» Activity
Using the records that appear below, write out exactly the lines from the one with "As you can see, I" through the one with "Remember I told", keeping both end lines.

» Supplied material
++++++++++++++++++++

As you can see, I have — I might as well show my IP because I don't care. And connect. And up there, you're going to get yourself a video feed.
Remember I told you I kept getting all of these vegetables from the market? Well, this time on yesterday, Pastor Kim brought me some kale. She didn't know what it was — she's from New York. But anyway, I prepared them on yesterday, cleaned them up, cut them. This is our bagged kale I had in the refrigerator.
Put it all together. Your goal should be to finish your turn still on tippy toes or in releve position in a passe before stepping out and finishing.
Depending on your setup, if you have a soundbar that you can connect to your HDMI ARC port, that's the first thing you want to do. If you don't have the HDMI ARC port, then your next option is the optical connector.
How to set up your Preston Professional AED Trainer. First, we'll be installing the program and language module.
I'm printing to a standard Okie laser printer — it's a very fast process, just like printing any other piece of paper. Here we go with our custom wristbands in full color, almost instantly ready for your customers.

++++++++++++++++++++

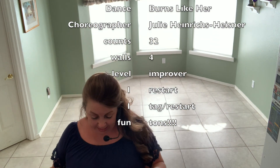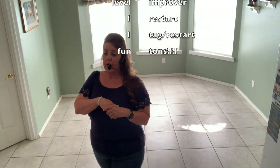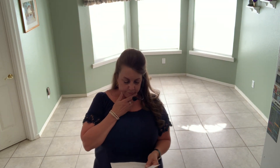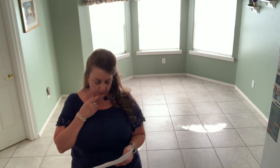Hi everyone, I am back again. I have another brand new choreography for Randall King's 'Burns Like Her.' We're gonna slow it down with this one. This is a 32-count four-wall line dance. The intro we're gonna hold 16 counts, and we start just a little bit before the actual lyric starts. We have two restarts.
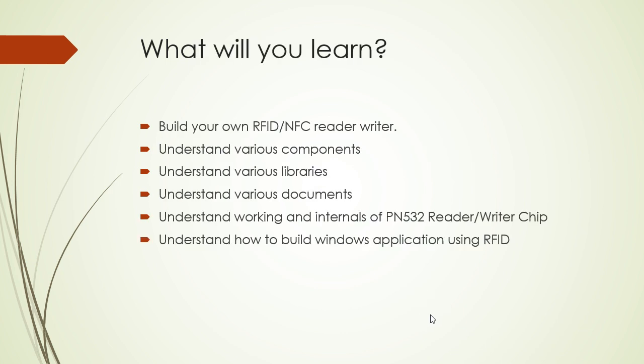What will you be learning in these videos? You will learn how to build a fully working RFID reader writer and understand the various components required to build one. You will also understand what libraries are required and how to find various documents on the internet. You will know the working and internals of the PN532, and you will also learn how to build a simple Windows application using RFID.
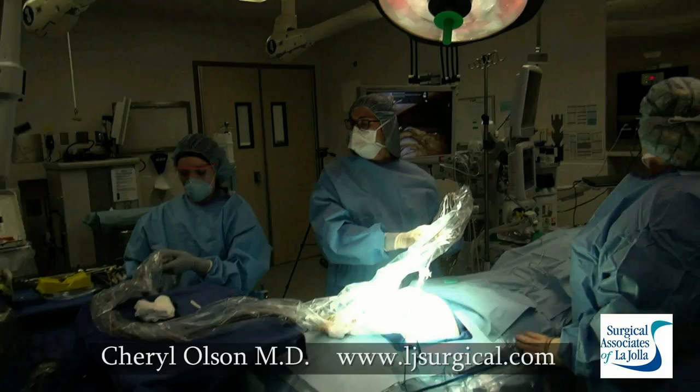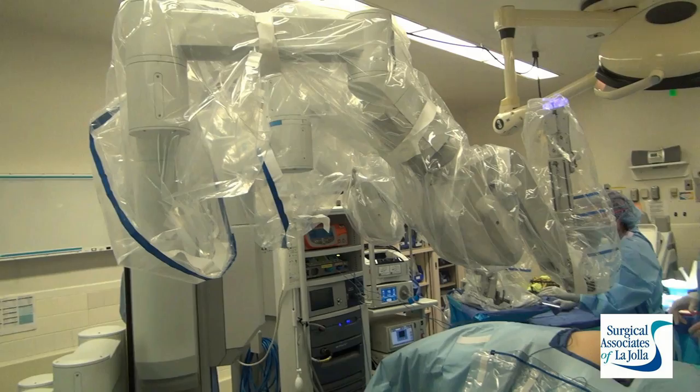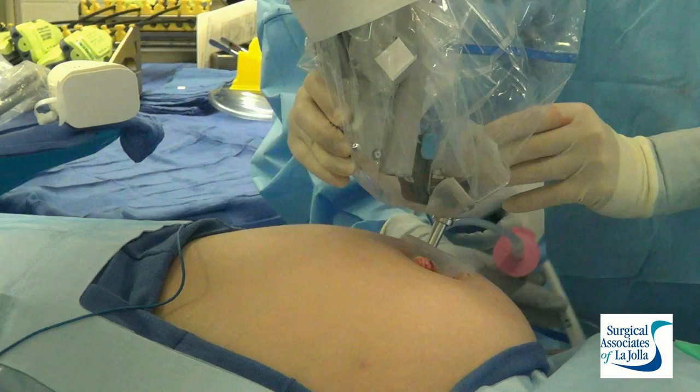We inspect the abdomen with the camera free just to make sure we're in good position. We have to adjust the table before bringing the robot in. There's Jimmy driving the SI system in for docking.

++++++++++++++++++++

» Answer for this exercise
As you can see, I have — I might as well show my IP because I don't care. And connect. And up there, you're going to get yourself a video feed.
Remember I told you I kept getting all of these vegetables from the market? Well, this time on yesterday, Pastor Kim brought me some kale. She didn't know what it was — she's from New York. But anyway, I prepared them on yesterday, cleaned them up, cut them. This is our bagged kale I had in the refrigerator.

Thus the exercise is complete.